DESCRIPTION OF THE TASK
Using the data below, restate exactly every line from the one with "Camila Coelho Carmen Cropped Cable Crew Ivory 3" up to and including the one with "Elegant Bathroom Vanity". No picture belongs in it.

DATA FOR PROCESSING

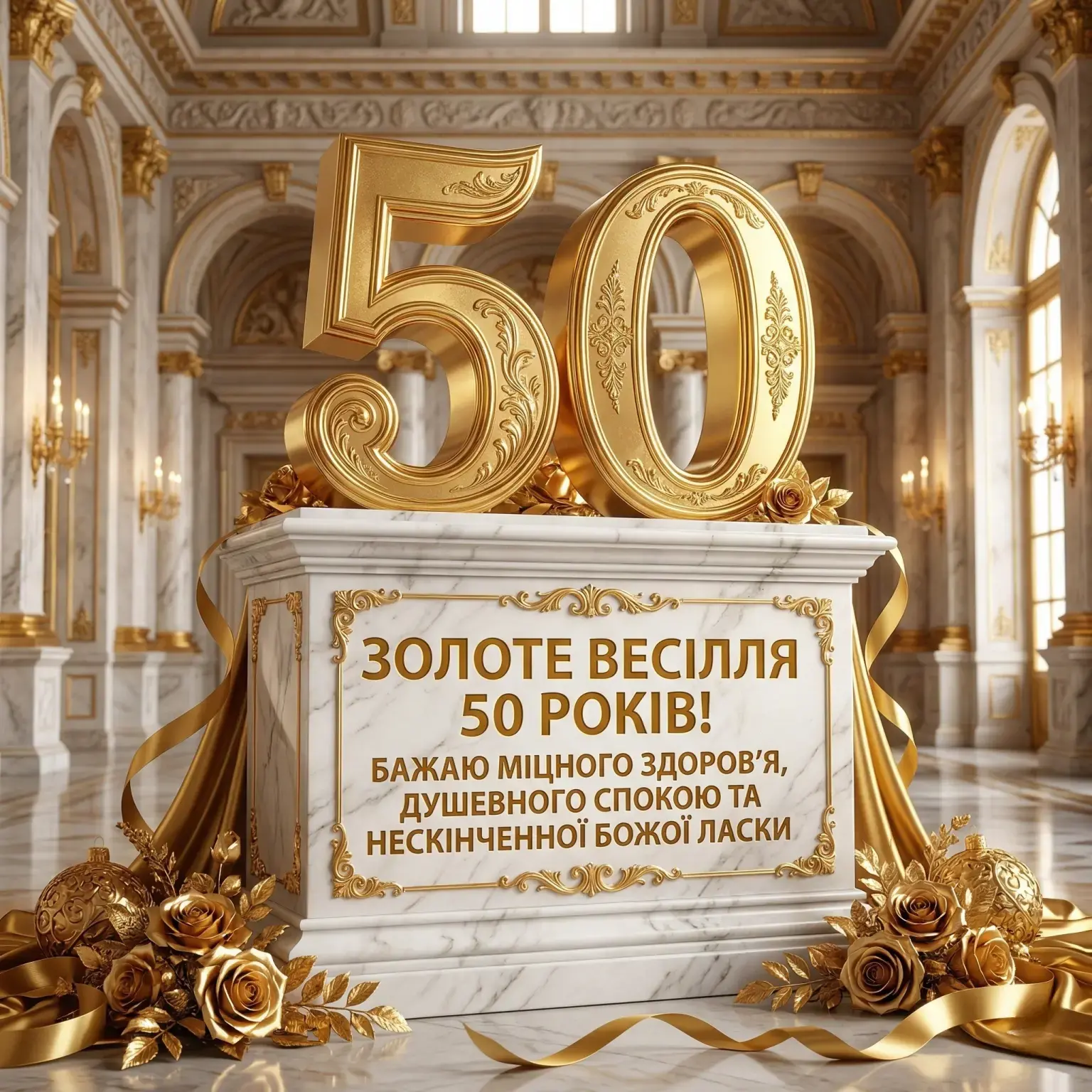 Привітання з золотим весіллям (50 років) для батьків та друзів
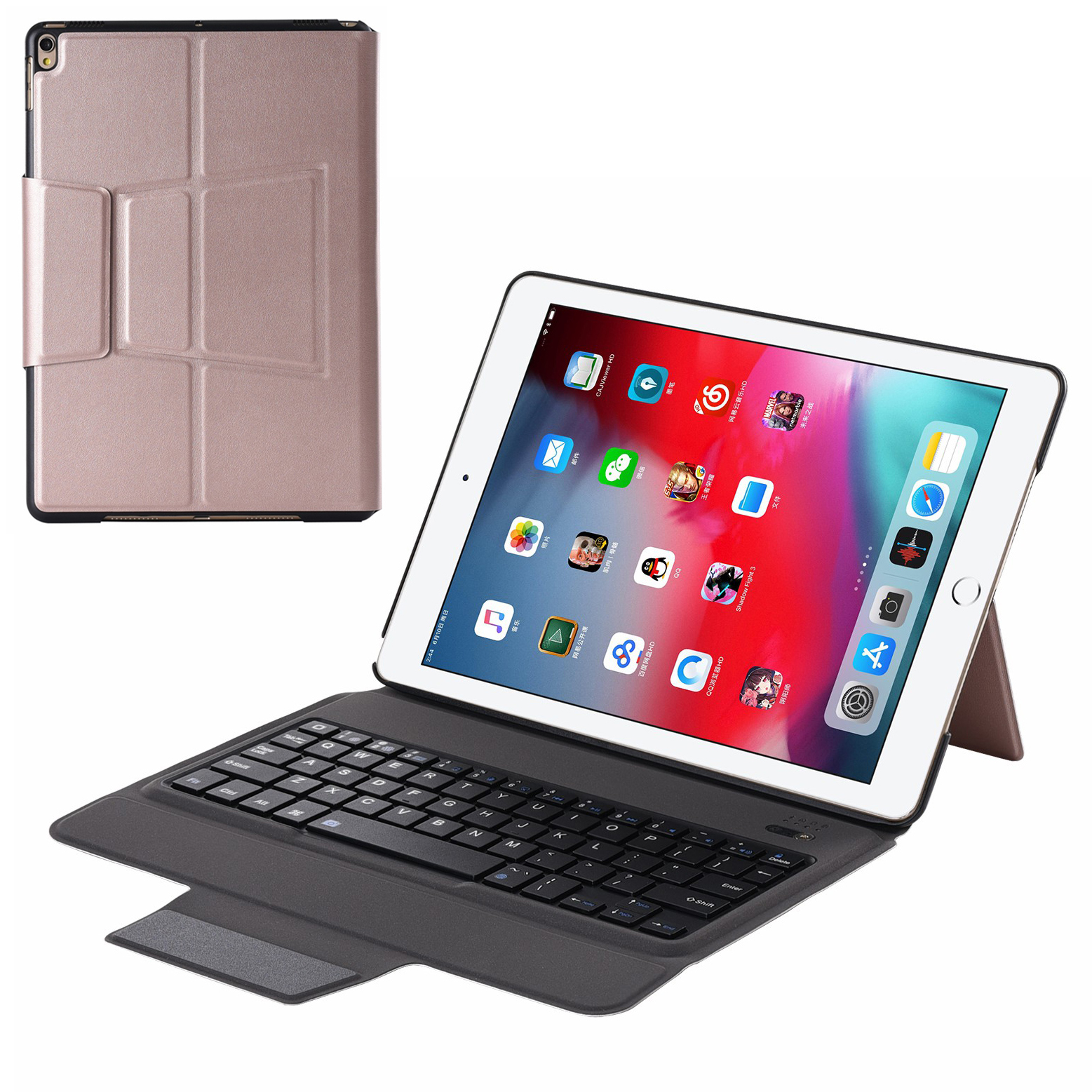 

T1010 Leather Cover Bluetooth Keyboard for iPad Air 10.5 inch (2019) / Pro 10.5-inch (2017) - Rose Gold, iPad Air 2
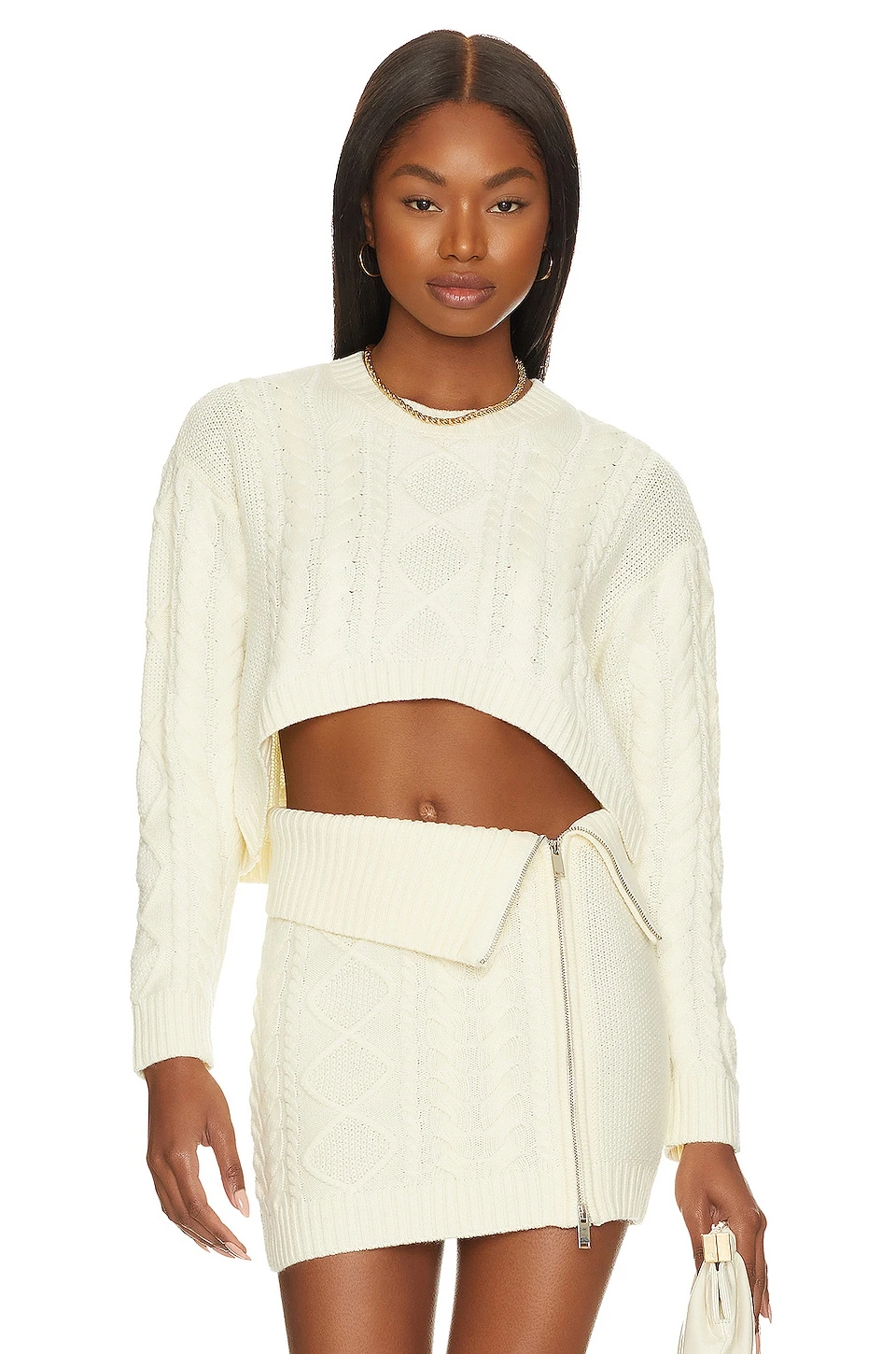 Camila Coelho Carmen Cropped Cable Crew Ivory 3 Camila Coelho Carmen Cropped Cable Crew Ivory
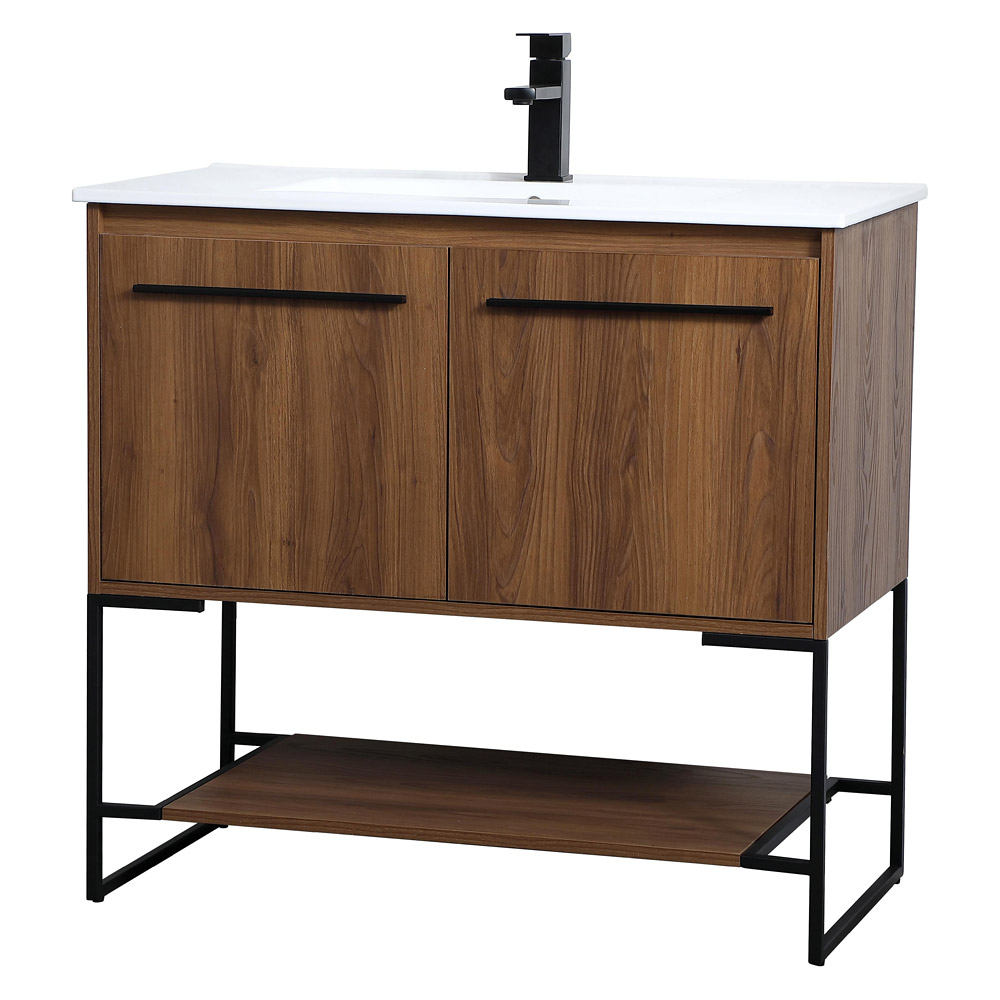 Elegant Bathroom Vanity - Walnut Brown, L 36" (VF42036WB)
--
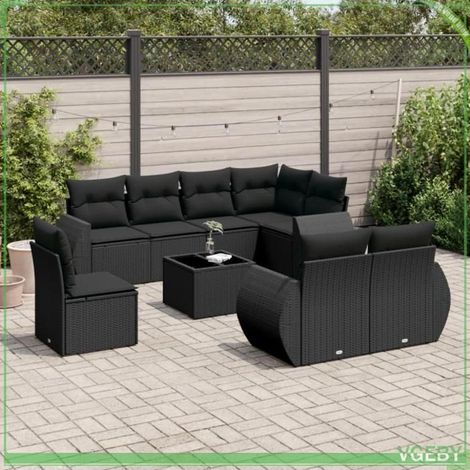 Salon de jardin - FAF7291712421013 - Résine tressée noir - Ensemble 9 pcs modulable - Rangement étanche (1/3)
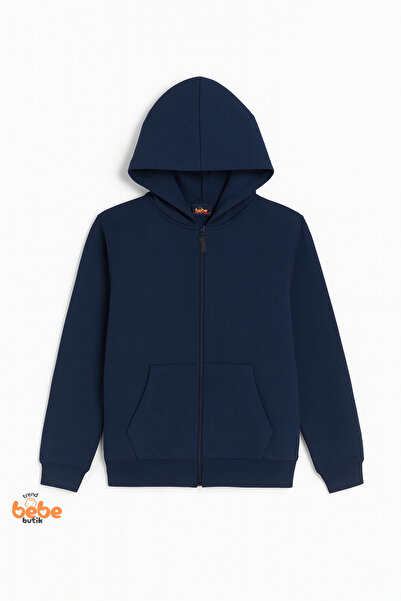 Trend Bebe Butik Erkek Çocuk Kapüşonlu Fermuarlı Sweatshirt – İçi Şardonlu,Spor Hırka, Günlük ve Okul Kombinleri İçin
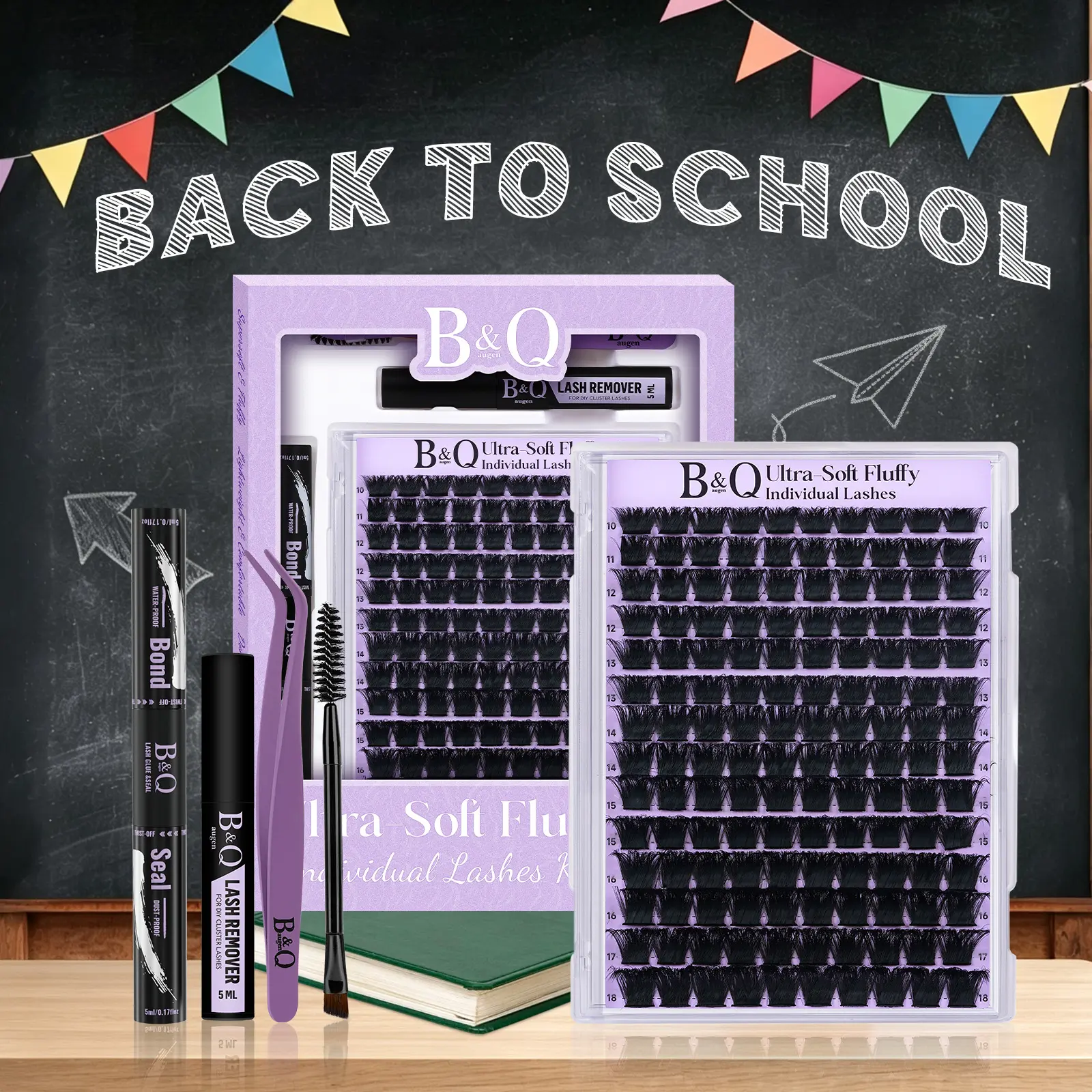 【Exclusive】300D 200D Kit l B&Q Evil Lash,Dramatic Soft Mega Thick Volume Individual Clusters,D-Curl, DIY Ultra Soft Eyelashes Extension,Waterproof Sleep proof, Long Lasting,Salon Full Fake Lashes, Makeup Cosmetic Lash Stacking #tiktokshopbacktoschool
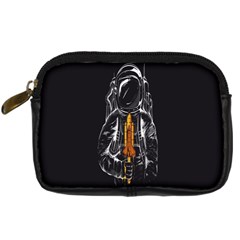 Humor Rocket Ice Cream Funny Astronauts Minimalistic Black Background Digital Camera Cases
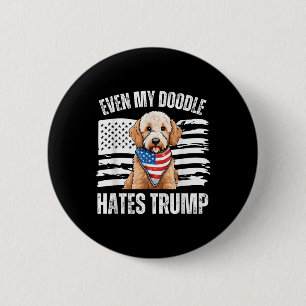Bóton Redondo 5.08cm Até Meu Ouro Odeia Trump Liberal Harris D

RESPONSE BOX
 Camila Coelho Carmen Cropped Cable Crew Ivory 3 Camila Coelho Carmen Cropped Cable Crew Ivory
 Elegant Bathroom Vanity - Walnut Brown, L 36" (VF42036WB)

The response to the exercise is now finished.